Kyle Busch took responsibility for the first wreck, but Ryan Newman had a different target in mind for the second: NASCAR itself. "They can build safer race cars, they can build safer walls, but they can't get their heads out of their asses far enough to keep them on the race track, and that's pretty disappointing," Newman said. "I wanted to make sure I get that point across, and y'all can figure out who 'they' is."

Newman continued: "That's just poor judgment in restarting the race," he said. "I mean, you got what you wanted, but poor judgment in running in the dark and running in the rain."

Other drivers took a slightly different view, one unobstructed by wrecking cars. "I could see everything," Martin Truex Jr. said. "You can't see much racing these things all day anyway ... Once that last caution came out, from there to the end it was raining a little bit the whole time, so you've got the wet windshield, the Speedy-Dry flying around, and it's like your windshield gets this crappy mist-looking mud on it. Nobody could see that good, but you see far enough ahead of you and around you to see what's going on."

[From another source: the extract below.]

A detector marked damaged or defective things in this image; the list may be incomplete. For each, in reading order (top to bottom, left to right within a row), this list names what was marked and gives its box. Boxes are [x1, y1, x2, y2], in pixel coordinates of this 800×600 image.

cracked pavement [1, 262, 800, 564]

"I was really grateful personally that NASCAR let us run that green-white-checkered," Edwards said afterward. "It had to be a tough call for NASCAR, but we could see well enough. The one thing NASCAR did was gave us time to change our visors. I put on a clear visor. I think a lot of people did. So we were all prepared for less light."

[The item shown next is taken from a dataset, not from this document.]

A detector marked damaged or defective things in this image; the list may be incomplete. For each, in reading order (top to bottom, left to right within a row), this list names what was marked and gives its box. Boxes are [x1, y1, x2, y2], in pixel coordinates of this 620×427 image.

Even that wasn't enough controversy for one race. Brad Keselowski, last year's spring Talladega winner, took to Twitter immediately after the race to protest:

NASCAR, however, countered that it properly lined up the racers ahead of time, and Ragan agreed with that assessment. "Obviously Brad wanted to start on the outside, because he knew the same thing that I knew, that the outside lane had an advantage on the restart, but he just didn't want to listen to NASCAR," Ragain said. "Brad was just trying to snooker us and get the preferred lane, and eventually he decided he should do the right thing, and he restarted ninth and restarted 10th, so there's no controversy."

No controversy? At a Talladega race? Yeah, right.